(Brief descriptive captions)

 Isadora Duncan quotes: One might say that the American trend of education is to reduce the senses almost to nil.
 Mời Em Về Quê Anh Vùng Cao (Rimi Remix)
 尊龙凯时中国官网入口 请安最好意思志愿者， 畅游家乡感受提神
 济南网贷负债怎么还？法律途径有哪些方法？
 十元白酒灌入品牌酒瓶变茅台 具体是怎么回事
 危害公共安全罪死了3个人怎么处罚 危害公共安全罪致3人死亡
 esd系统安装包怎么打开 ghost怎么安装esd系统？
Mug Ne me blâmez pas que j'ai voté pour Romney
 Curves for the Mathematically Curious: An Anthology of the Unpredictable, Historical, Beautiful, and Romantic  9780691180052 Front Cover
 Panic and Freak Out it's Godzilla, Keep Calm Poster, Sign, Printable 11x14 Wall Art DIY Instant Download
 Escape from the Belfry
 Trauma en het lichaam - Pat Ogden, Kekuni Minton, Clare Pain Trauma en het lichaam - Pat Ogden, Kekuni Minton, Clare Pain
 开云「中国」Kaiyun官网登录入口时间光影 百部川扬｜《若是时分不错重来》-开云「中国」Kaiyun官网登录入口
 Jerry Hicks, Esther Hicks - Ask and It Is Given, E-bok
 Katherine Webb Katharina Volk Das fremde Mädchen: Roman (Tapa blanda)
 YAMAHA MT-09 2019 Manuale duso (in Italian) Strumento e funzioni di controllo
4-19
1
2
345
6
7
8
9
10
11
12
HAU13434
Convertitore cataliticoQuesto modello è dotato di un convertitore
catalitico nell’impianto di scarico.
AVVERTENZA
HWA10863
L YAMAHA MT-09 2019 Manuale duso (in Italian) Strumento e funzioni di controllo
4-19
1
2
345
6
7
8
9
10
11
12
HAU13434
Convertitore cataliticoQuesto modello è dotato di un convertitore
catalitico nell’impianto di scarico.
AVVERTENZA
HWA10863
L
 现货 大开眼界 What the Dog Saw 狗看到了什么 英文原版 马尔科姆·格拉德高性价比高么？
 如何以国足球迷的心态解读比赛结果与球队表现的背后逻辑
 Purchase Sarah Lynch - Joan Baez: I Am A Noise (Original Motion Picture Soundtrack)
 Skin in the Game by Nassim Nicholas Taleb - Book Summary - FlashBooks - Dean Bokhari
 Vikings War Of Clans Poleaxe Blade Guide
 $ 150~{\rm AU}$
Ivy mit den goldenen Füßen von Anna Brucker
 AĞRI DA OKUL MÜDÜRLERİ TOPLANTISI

■ Work required ■
Copy every record exactly, with nothing added or dropped.

■ Result for this exercise ■
 Isadora Duncan quotes: One might say that the American trend of education is to reduce the senses almost to nil.
 Mời Em Về Quê Anh Vùng Cao (Rimi Remix)
 尊龙凯时中国官网入口 请安最好意思志愿者， 畅游家乡感受提神
 济南网贷负债怎么还？法律途径有哪些方法？
 十元白酒灌入品牌酒瓶变茅台 具体是怎么回事
 危害公共安全罪死了3个人怎么处罚 危害公共安全罪致3人死亡
 esd系统安装包怎么打开 ghost怎么安装esd系统？
Mug Ne me blâmez pas que j'ai voté pour Romney
 Curves for the Mathematically Curious: An Anthology of the Unpredictable, Historical, Beautiful, and Romantic  9780691180052 Front Cover
 Panic and Freak Out it's Godzilla, Keep Calm Poster, Sign, Printable 11x14 Wall Art DIY Instant Download
 Escape from the Belfry
 Trauma en het lichaam - Pat Ogden, Kekuni Minton, Clare Pain Trauma en het lichaam - Pat Ogden, Kekuni Minton, Clare Pain
 开云「中国」Kaiyun官网登录入口时间光影 百部川扬｜《若是时分不错重来》-开云「中国」Kaiyun官网登录入口
 Jerry Hicks, Esther Hicks - Ask and It Is Given, E-bok
 Katherine Webb Katharina Volk Das fremde Mädchen: Roman (Tapa blanda)
 YAMAHA MT-09 2019 Manuale duso (in Italian) Strumento e funzioni di controllo
4-19
1
2
345
6
7
8
9
10
11
12
HAU13434
Convertitore cataliticoQuesto modello è dotato di un convertitore
catalitico nell’impianto di scarico.
AVVERTENZA
HWA10863
L YAMAHA MT-09 2019 Manuale duso (in Italian) Strumento e funzioni di controllo
4-19
1
2
345
6
7
8
9
10
11
12
HAU13434
Convertitore cataliticoQuesto modello è dotato di un convertitore
catalitico nell’impianto di scarico.
AVVERTENZA
HWA10863
L
 现货 大开眼界 What the Dog Saw 狗看到了什么 英文原版 马尔科姆·格拉德高性价比高么？
 如何以国足球迷的心态解读比赛结果与球队表现的背后逻辑
 Purchase Sarah Lynch - Joan Baez: I Am A Noise (Original Motion Picture Soundtrack)
 Skin in the Game by Nassim Nicholas Taleb - Book Summary - FlashBooks - Dean Bokhari
 Vikings War Of Clans Poleaxe Blade Guide
 $ 150~{\rm AU}$
Ivy mit den goldenen Füßen von Anna Brucker
 AĞRI DA OKUL MÜDÜRLERİ TOPLANTISI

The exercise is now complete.